Some trans people on estrogen experience a hormonal cycle after being on estrogen for a longer period of time. This experience varies from person to person. Sometimes people will feel “moody” or “emotional,” and other people might feel an increase or decrease in appetite or libido. Because these shifts can be cyclical, it is recommended that people monitor their mental/emotional and physical health while on estrogen and talk with a mental or medical health expert if these shifts start to impact quality of life. 

Everyone experiences these changes differently, at different paces and rates, and there is no way to pick and choose which changes you want to happen. However, at lower doses, taking estrogen brings on these changes much more slowly and over a longer period of time. To learn more about these changes, view Whitman-Walker’s Trans Resource Guide.

Timeline of Changes to Expect When Taking Estrogen

The information for this section comes from Whitman-Walker’s Trans Resource Guide.

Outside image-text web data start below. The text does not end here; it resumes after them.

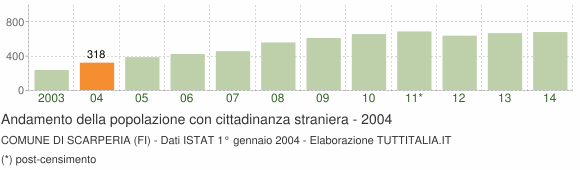 Grafico andamento popolazione stranieri Comune di Scarperia (FI)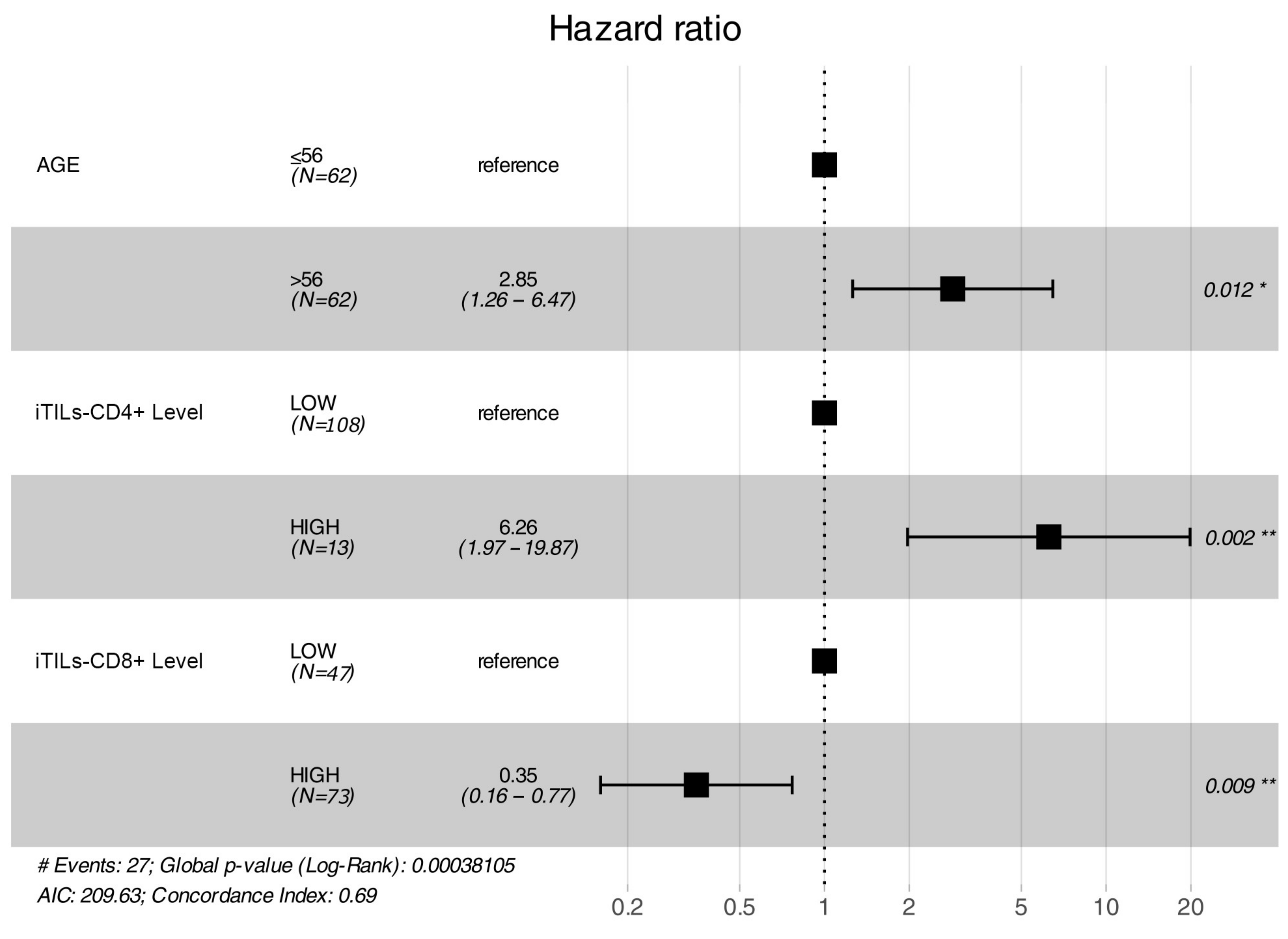 Ijms 24 11183 g006 Ijms 24 11183 g006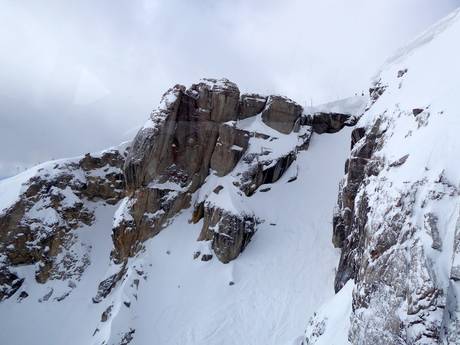 Skigebieden voor gevorderden en off-piste skiërs Wyoming – Gevorderden, off-piste skiërs Jackson Hole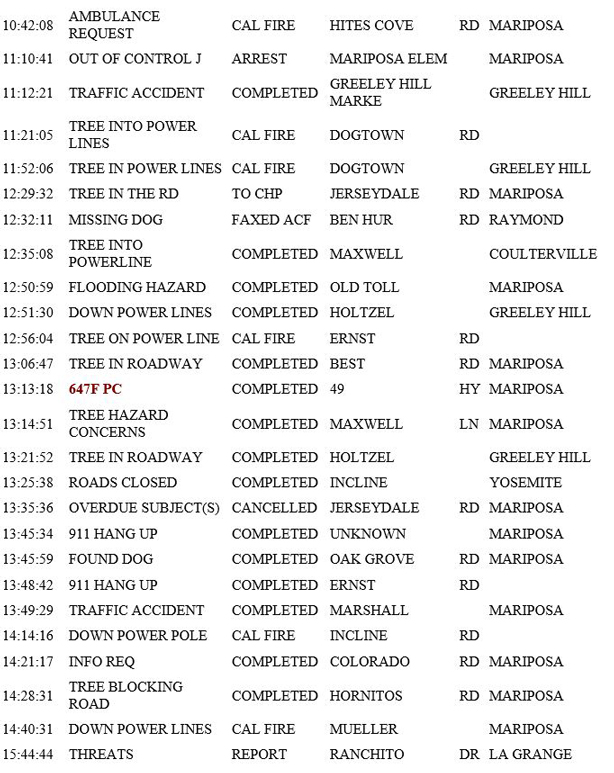 mariposa county booking report for february 14 2019.2
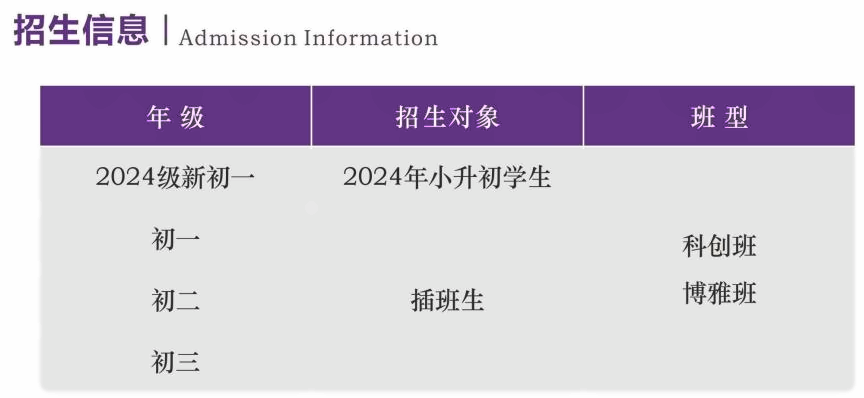苏州市姑苏区佩哲学校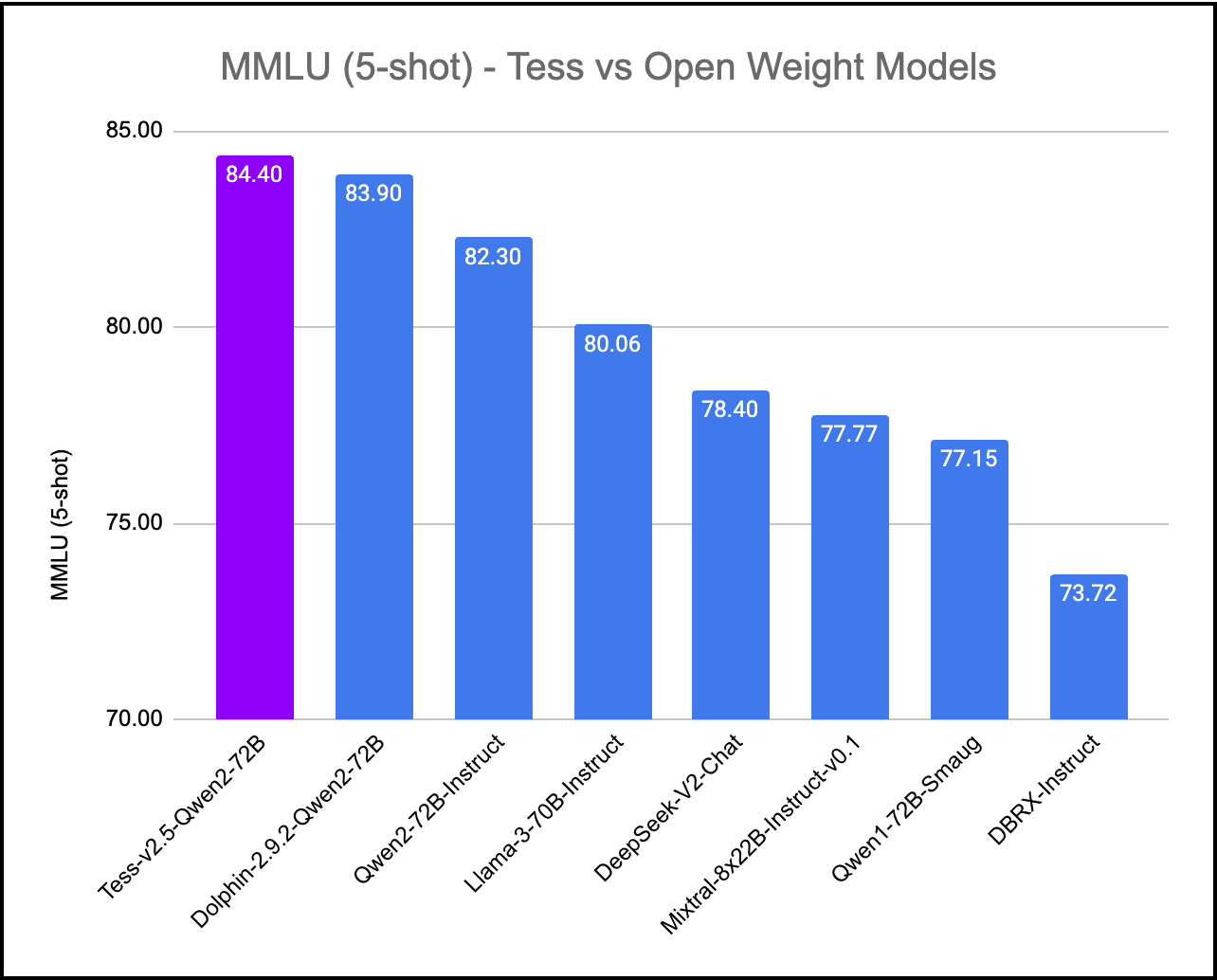 mmlu_open_models.png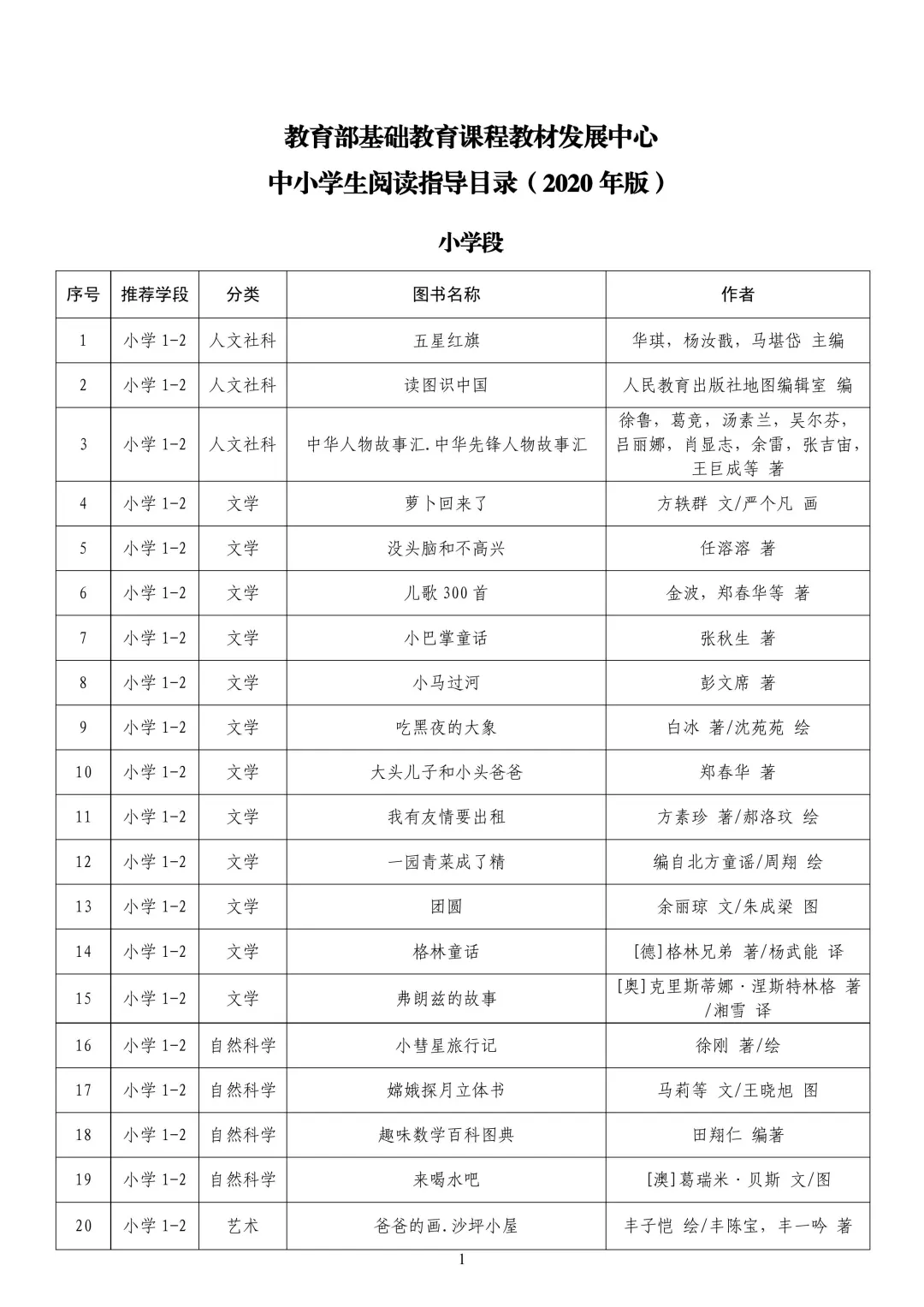 教育歩推荐书单📚中小学生必读300本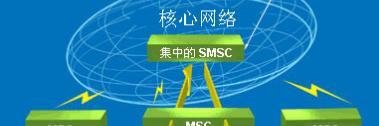 手机能接收但发不出去短信，怎么回事？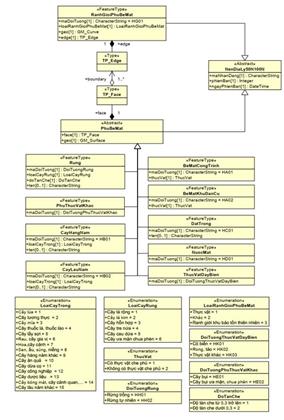 Thông tư 07/2022/TT-BTNMT của Bộ Tài nguyên và Môi trường về việc ban hành Quy chuẩn kỹ thuật quốc gia về cơ sở dữ liệu nền địa lý quốc gia tỷ lệ 1:50.000, 1:100.000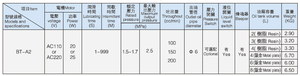 China BAOTN Electric micro engranaje lubricación de aceite bomba hidráulica sistema de lubricación central lubricación <span class=keywords><strong>centraliz</strong></span> - Product Image 4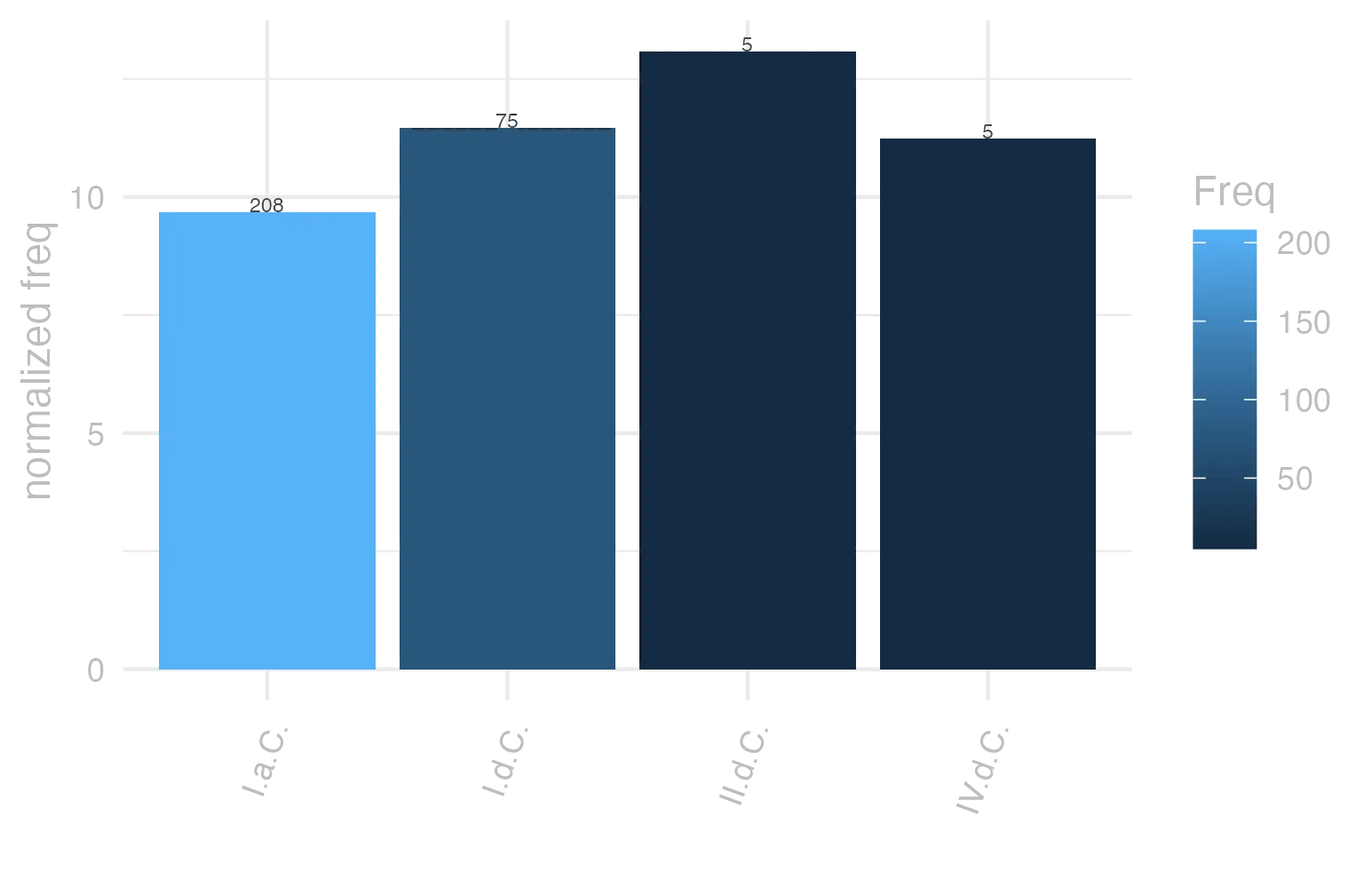 This charts plots the frequency of lemma by period_Frequencies. The II.d.C. subcorpus registers the highest normalized frequency, with the value of 13.09 and an absolute frequency of 5. The I.d.C. subcorpus follows, with a normalized frequency of 11.47 and an absolute frequency of 75. the subcorpus with the least normalized frequency is I.a.C. with the normalized value of 9.68 and an absolute freqeuncy of 208. here are all the values: subcorpus: I.a.C. ; normalized frequency: 208 ; absolute frequency: 9.68117291133349. subcorpus: I.d.C. ; normalized frequency: 75 ; absolute frequency: 11.4731528223956. subcorpus: II.d.C. ; normalized frequency: 5 ; absolute frequency: 13.0890052356021. subcorpus: IV.d.C. ; normalized frequency: 5 ; absolute frequency: 11.2334306897326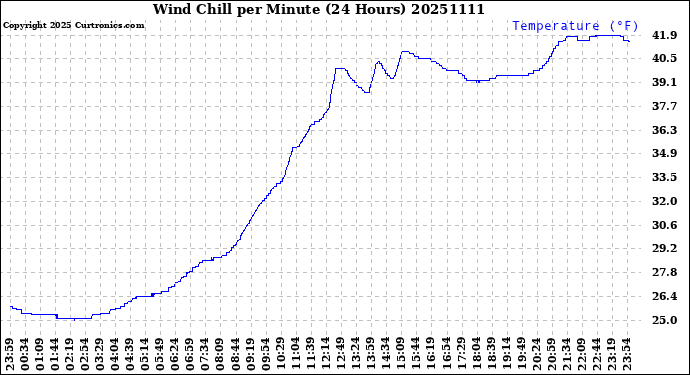 Milwaukee Weather Wind Chill<br>per Minute<br>(24 Hours)
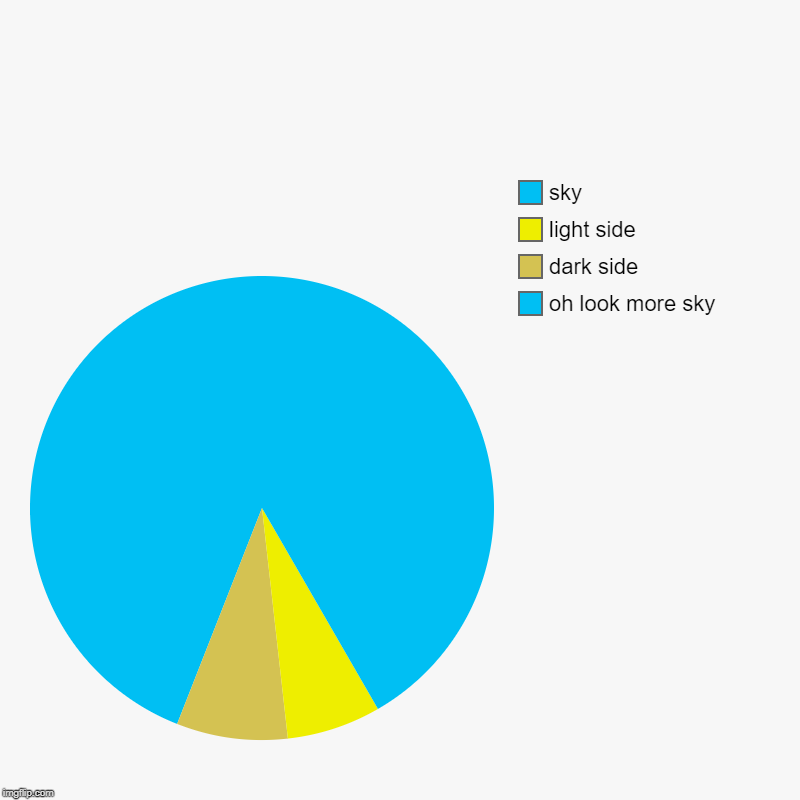 | oh look more sky, dark side, light side, sky | image tagged in charts,pie charts | made w/ Imgflip chart maker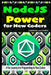 NodeJS Power for New Coders: NodeJS Power for New Coders by Laurence Lars Svekis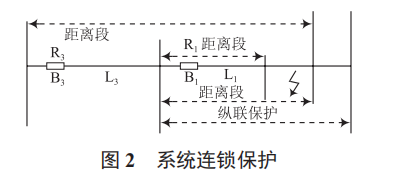 繼電保護(hù)的風(fēng)險(xiǎn)評(píng)估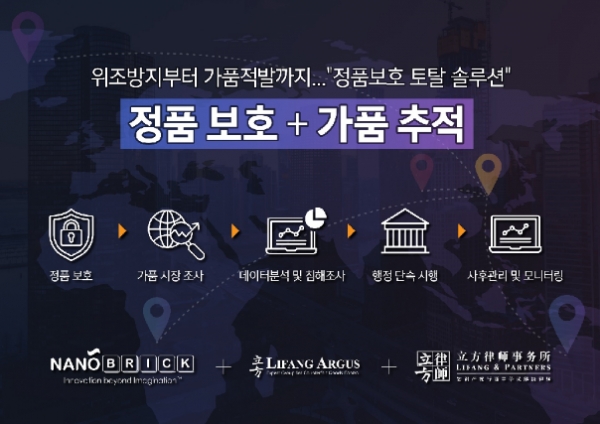 리팡, 나노브릭과 국내 브랜드 및 정품시장 보호 위해 맞손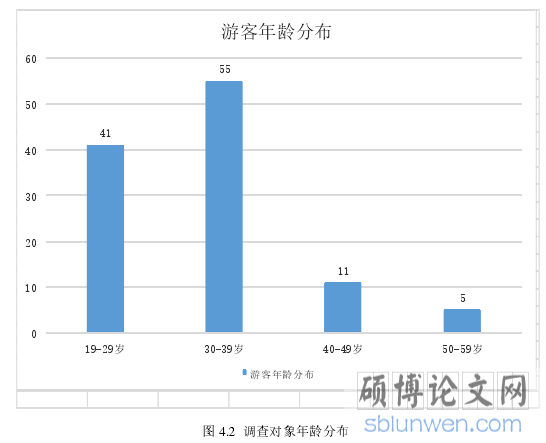 图 4.2 调查对象年龄分布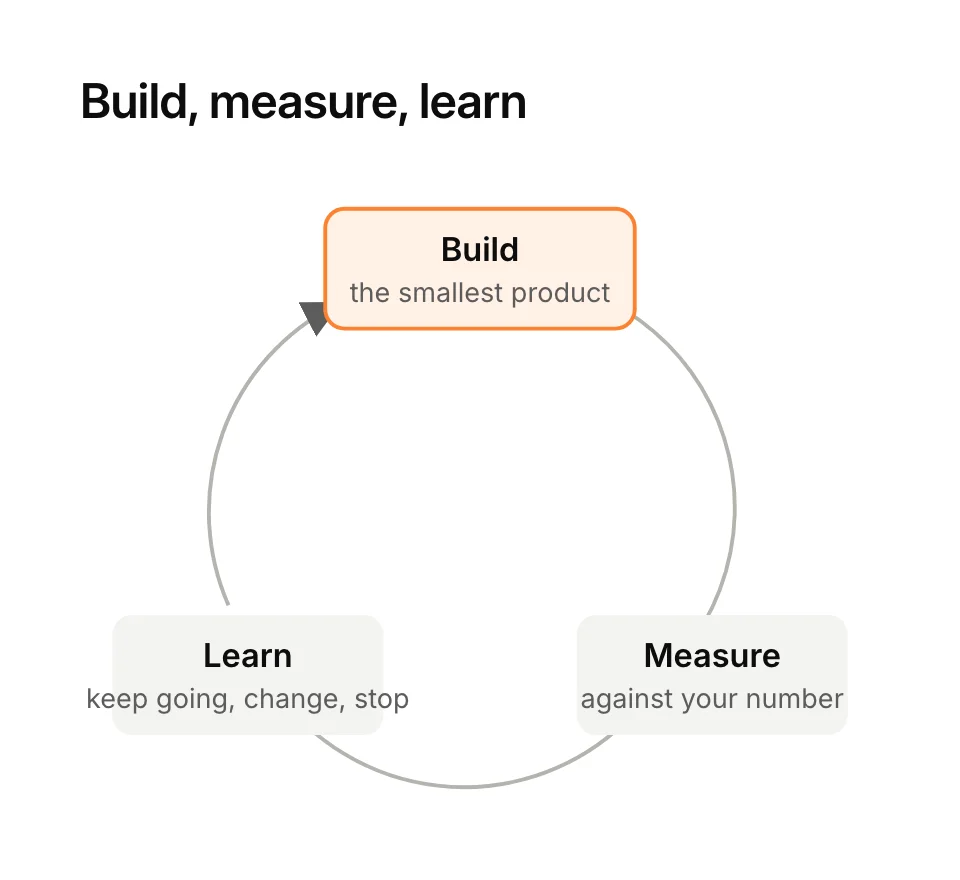 The build, measure, learn loop: build the smallest product, measure what users do against your success number, learn and decide to keep going, change direction or stop, then build again.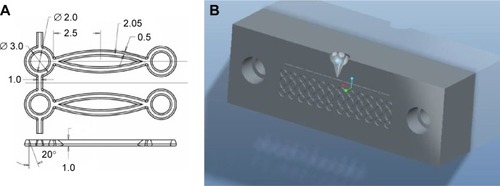 Figure 1 Stent element and the mold.Notes: (A) Layout and dimensions of the stent element. (B) The mold used to produce the element.
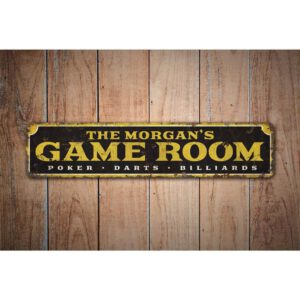 Game-Room-Sign-Premium-Quality-Rustic-Metal-Sign-Images-1.jpg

1-3 months after starting estrogen:

  • “Male”-pattern balding stops (no hair regrowth, but hair loss stops); maximum results around 1-2 years
  • Decreased spontaneous erections; maximum results around 3-6 months 
  • Decreased libido; maximum results around 1-2 years

3-6 months after starting estrogen:

  • Breast growth; maximum results around 2-3 years
  • Decreased muscle mass and strength; maximum results around 1-2 years 
  • Body fat redistribution to a more “female” or feminine pattern; maximum results around 2-5 years 
  • Softening of the skin; maximum results vary 
  • Decreased testicular volume and size; maximum results around 2-3 years 

6-12 months after starting estrogen

  • Thinning and slowing of growth of facial and body hair; maximum results around 3+ years

In Summary

  • Estrogen, accompanied by testosterone blockers, has the potential to relieve feelings of gender dysphoria or discomfort in trans women as well as feminine spectrum non-binary and gender-expansive people. 
  • While the steps for accessing estrogen may vary for folks in different places, generally people need a diagnosis of gender dysphoria by a licensed mental health provider before getting a prescription.
  • There are different forms of estrogen and different doses that can be prescribed. It’s a best practice to consult with your primary care doctor or endocrinologist to find a method and dose that works best for you.
  • The changes that happen when trans folks are on estrogen for HRT vary, happen over a period of months and years, and are different for everyone.